Having been in EMS for a couple decades before coming into the remote medicine arena, I thought I had a pretty good handle on patient care. I did. What I was not aware of was all the other stuff I needed to learn. As I have mentioned before, my introduction to remote medicine was through a friend of mine who hired me to work in a remote area of a western state.

My introduction to seismic/ remote work started off well. Good pace, not too fast, not too slow. I felt prepared as I went to my first job site in nice, warm, sunny weather. I saw folks with some sunburn… nothing dangerous. Watched folks throughout the day in order to make sure they drank enough water. Again, not a bad gig. I saw my first heat rash. Easy to treat with a little Gold Bond powder.

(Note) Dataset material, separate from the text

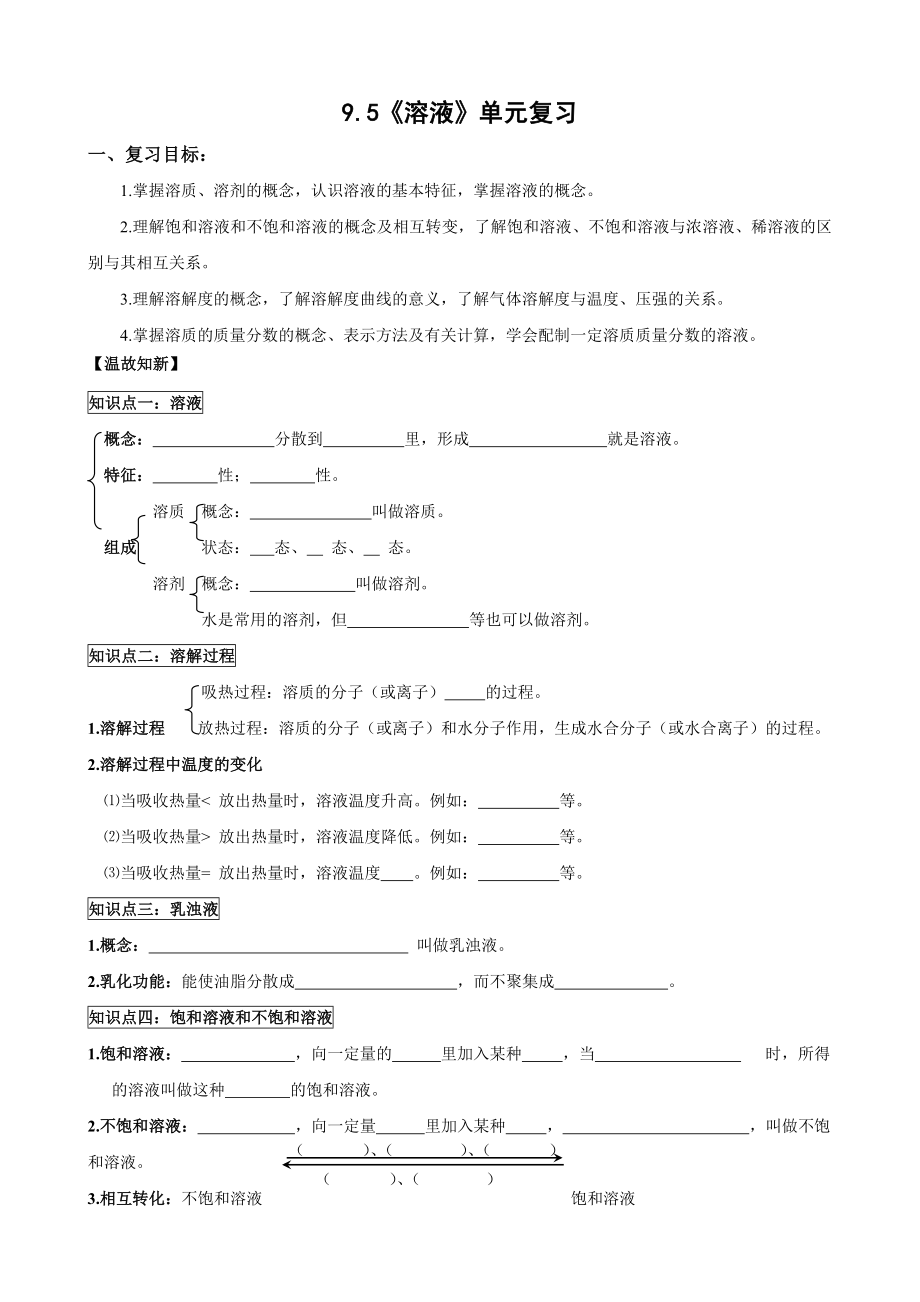 人教版初中化学导学案：9.5溶液单元复习.doc_第1页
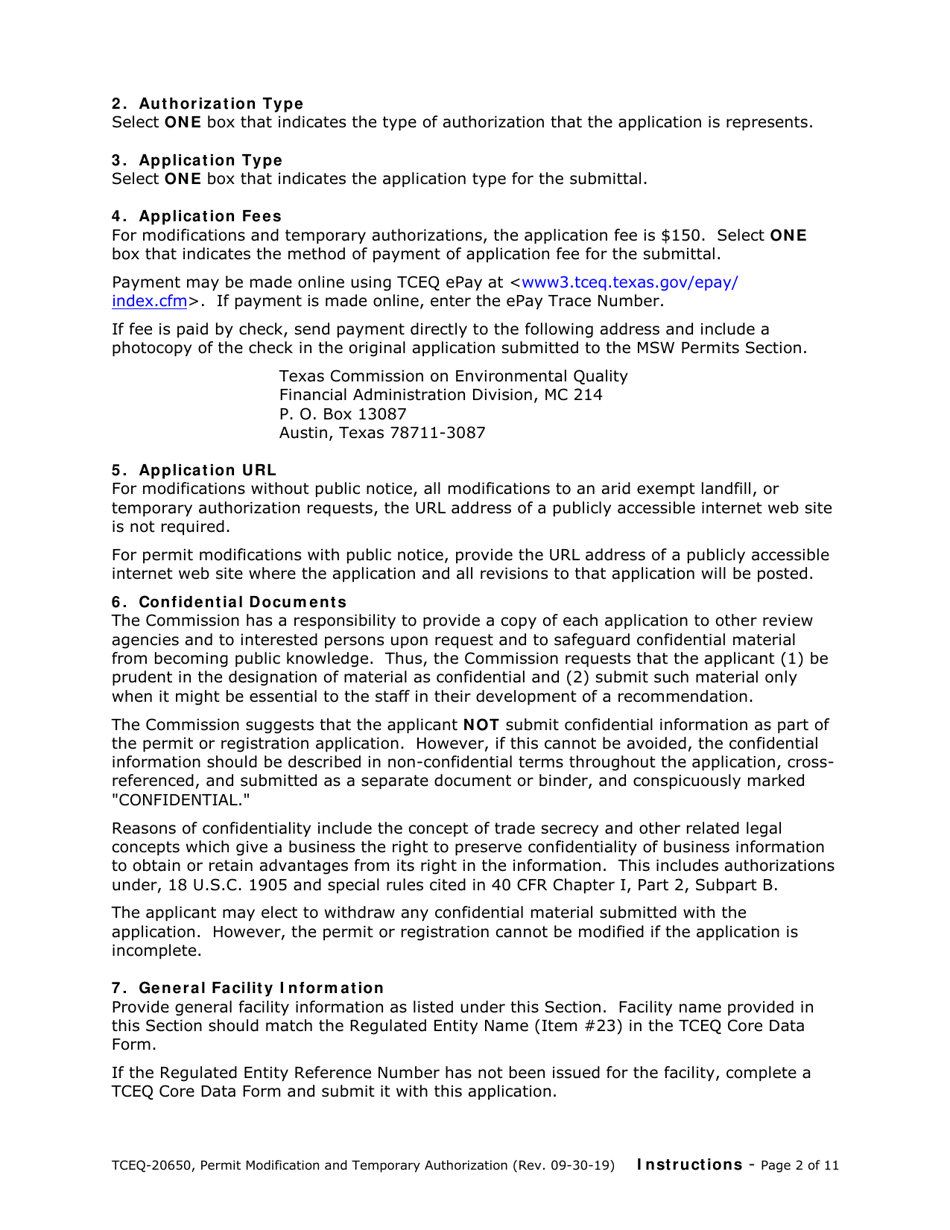 Form 20650 Permit / Registration Modification and Temporary Authorization Application Form for an Msw Facility - Texas, Page 10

But, as I continued my work in more remote areas… like on the sea in the arctic circle, I quickly realized that while I was good at what I do as a Paramedic, I was not fully prepared to deal with the other stuff… athletes foot, common cold symptoms, the aches and pains of everyday life. I found that I had some time at work (how to fill the time at work will be addressed in another blog) on personal improvement projects.

When one works on an ambulance in an urban setting, it’s easy to do the minimum care that protocols require because sometimes that’s all the time you have before reaching the hospital and handing over care to the nurses and physicians. When one works more rural, say in a farming or ranching community, one is often able to do more as they tend to be further away from the hospital. However, when one works in an area that is far away from a hospital, maybe by hours or days, then one must be familiar with the steps that would normally taken to care for the patient if they were at a hospital much sooner.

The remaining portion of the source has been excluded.